As the Brexit process moves forward and insurance companies prepare for the UK’s divorce from the European Union, stakeholders in the US are also getting ready for a new era of political and economic relations between the two countries.
The American Insurance Association (AIA), the trade association for leaders in the P/C insurance industry, announced on September 12 that it will be joining the new US-UK Financial and Related Professional Services Coalition in order to foster discussion from both sides of the pond on trade and investment, among other issues.
“With the advent of Brexit, the trade and regulatory relationship between the US and the UK may change significantly in the near future,” said Steve Simchak, vice president and chief international counsel for AIA who’s been leading the efforts on this coalition. “Since the UK and the US are arguably the two most [well-known] insurance markets in the world, we felt it was very important that the insurance industry both in the US and in the UK be part of the collaborative efforts amongst the financial services industries to engage with both of our governments on bilateral trade and regulatory issues.”
The formal coalition has only been in the works for the past few months, but the AIA decided that it would be a smart move to have more processes and structures in place for US and UK insurance industries to coordinate their communications with their governments and with each other, added Simchak.
The coalition has put forward three main themes: promote deeper regulatory cooperation for the benefit of market participants, clients, and investors; maximize cross-border market access; and recognize the important role that the changing technological landscape plays in financial services.
“That’s an emerging area with both governments right now, so we thought it would be a useful purpose for this coalition to communicate with our governments about the best way to regulate fintech and insurtech, and whether there can be some transatlantic or US-UK regulatory cooperation on fintech and insurtech,” said Simchak.
The uncertainty in what a post-Brexit world will look like is one of the challenges that Simchak predicts will impact the coalition, but likewise underscores its importance.

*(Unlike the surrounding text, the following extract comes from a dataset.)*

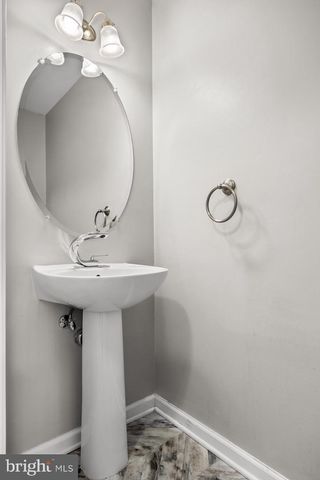 1505 BEACON HILL DR, Sicklerville, NJ 08081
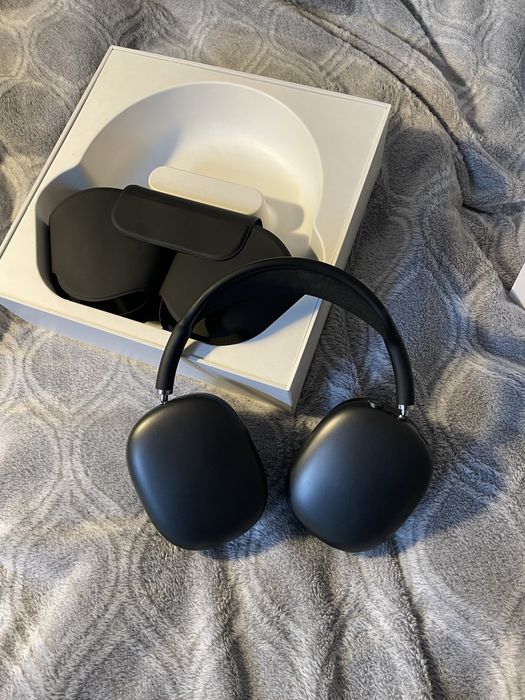 AirPods Max Praticamente novos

“The Brexit process is ongoing and nobody knows yet what the financial services relationship between the UK and the EU will be, which of course will then inform the relationship between the UK and the US,” he explained. “Recognizing that there will be challenges in negotiating agreements and in structuring the new relationship between the US and the UK is really one of the reasons why we formed this coalition. We’ll do better as an industry in our ability to inform our governments if we can work together to overcome those challenges.”